Como o primeiro padrão globalmente aplicável para cibersegurança de IoT do consumidor, a nova especificação ETSI EN 303 645 exige que os fornecedores de IoT – que podem incluir fabricantes ou importadores / distribuidores de dispositivos – publiquem uma política de divulgação de vulnerabilidade clara e transparente; estabelecer um procedimento interno de gerenciamento de vulnerabilidade; disponibilizar publicamente as informações de contato para relatórios de vulnerabilidade; e monitorar e identificar continuamente vulnerabilidades de segurança em seus produtos.

Governos em todo o mundo, incluindo Reino Unido, Austrália, Cingapura, Finlândia e os estados americanos da Califórnia e Oregon, já publicaram códigos de prática, esquemas de rotulagem de produtos ou prepararam legislação alinhada ao padrão.

Implementar um meio para aceitar relatórios de vulnerabilidade é um recurso comum dessas iniciativas. Sem mecanismos para relatar, gerenciar e resolver vulnerabilidades – como o Co-ordinated Vulnerability Disclosure (CVD) – a segurança dos produtos IoT do consumidor diminui com o tempo e o risco de ataque ou abuso aumenta.

“O gerenciamento da vulnerabilidade é um elemento tão fundamental para a higiene cibernética da IoT que não é surpresa que governos e reguladores em todo o mundo estejam tornando isso um requisito obrigatório”, disse John Moor, diretor administrativo da IoT Security Foundation.

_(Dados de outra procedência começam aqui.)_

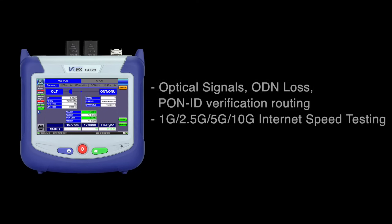Measure optical signals, ODN loss, and PON ID to verify fiber routing, as well as internet throughput.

“Como autoridade especialista líder mundial em segurança de IoT, a IoTSF publicou as melhores práticas de divulgação de vulnerabilidade e relatórios de status do setor. Nossas conclusões são que a indústria deve fazer mais para proteger seus clientes e seus próprios negócios.

“Portanto, vemos a necessidade de impulsionar essa prática de segurança vital e pretendemos ajudar a torná-la o mais simples possível com o lançamento da plataforma Vulnerable Things – especialmente para os não iniciados e empresas que podem não ter recursos. Os corretores de serviço têm uma boa comunicação entre pesquisadores e fornecedores e orientam ambos durante o processo até a conclusão. ”

“Estamos testando o serviço para testar a demanda provável e obter feedback para os usuários”.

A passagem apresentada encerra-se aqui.